The lines below, from the one containing "15 november 2019;" through the one containing "Évaluation du casino Freshbet Évaluation", should be set down exactly, with no pictures and nothing else.

→ **Data for this task**:
======

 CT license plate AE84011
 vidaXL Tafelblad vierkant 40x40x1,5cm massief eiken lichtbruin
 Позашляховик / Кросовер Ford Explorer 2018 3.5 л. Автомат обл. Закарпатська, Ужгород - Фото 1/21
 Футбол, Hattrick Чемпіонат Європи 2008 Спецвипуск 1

======

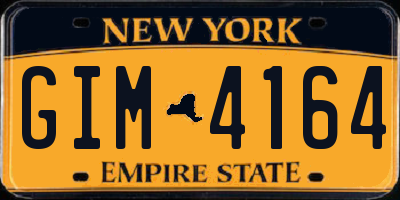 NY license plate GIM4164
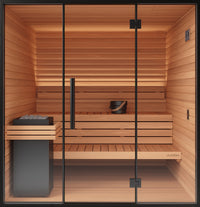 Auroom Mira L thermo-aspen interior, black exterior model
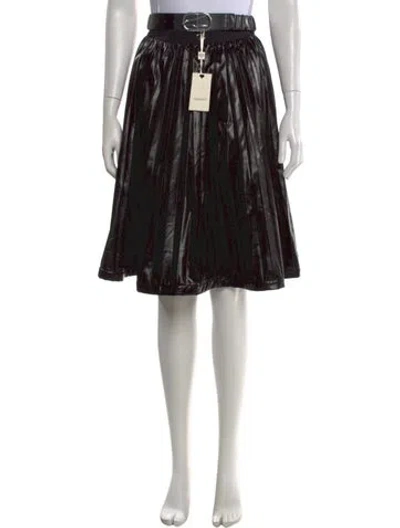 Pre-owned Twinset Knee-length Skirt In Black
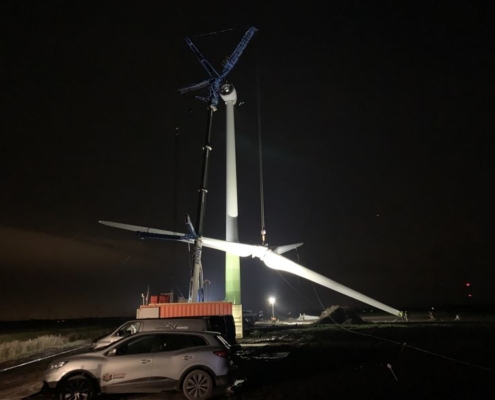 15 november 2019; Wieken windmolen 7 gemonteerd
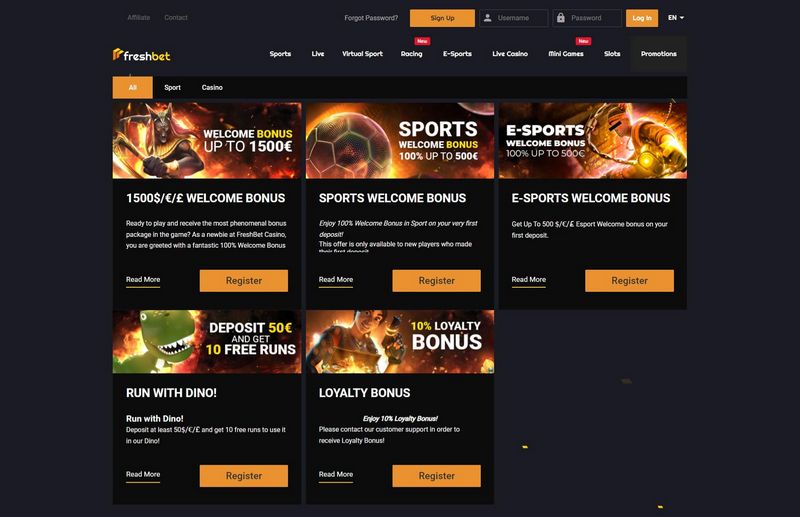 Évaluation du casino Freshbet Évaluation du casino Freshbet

======

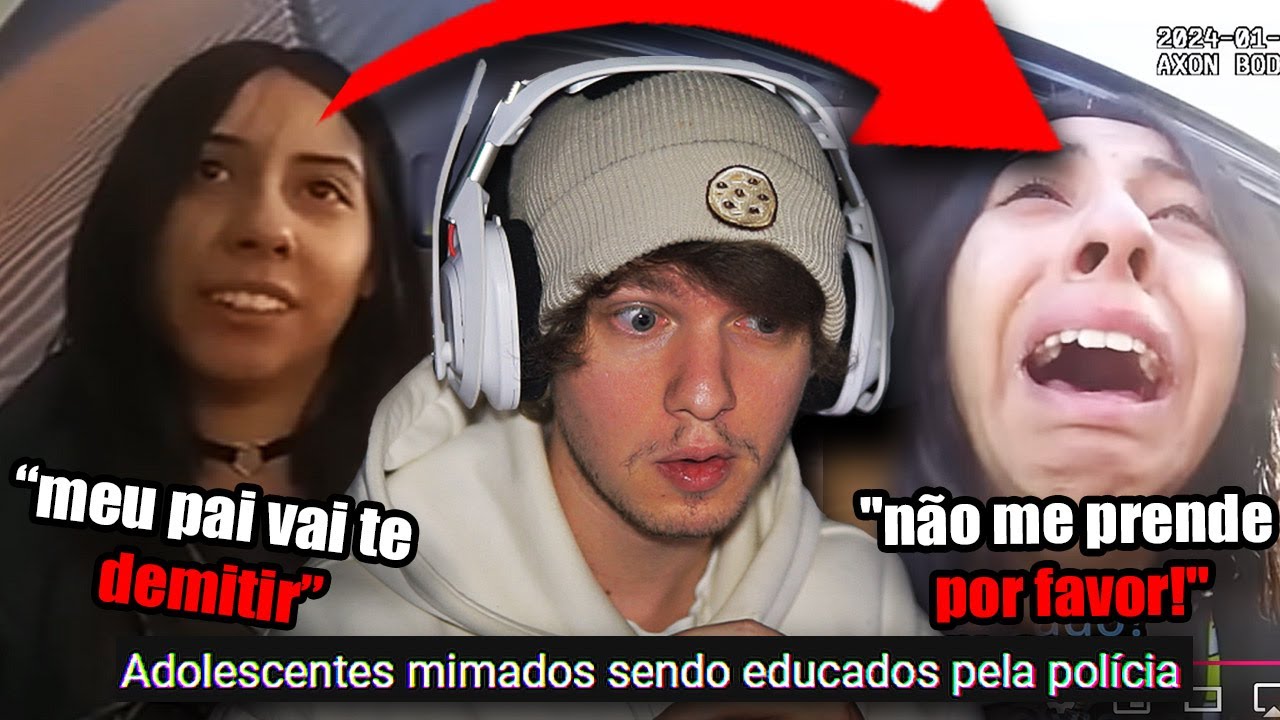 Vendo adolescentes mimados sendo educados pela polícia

======

→ **Final answer**:
 15 november 2019; Wieken windmolen 7 gemonteerd
 Évaluation du casino Freshbet Évaluation du casino Freshbet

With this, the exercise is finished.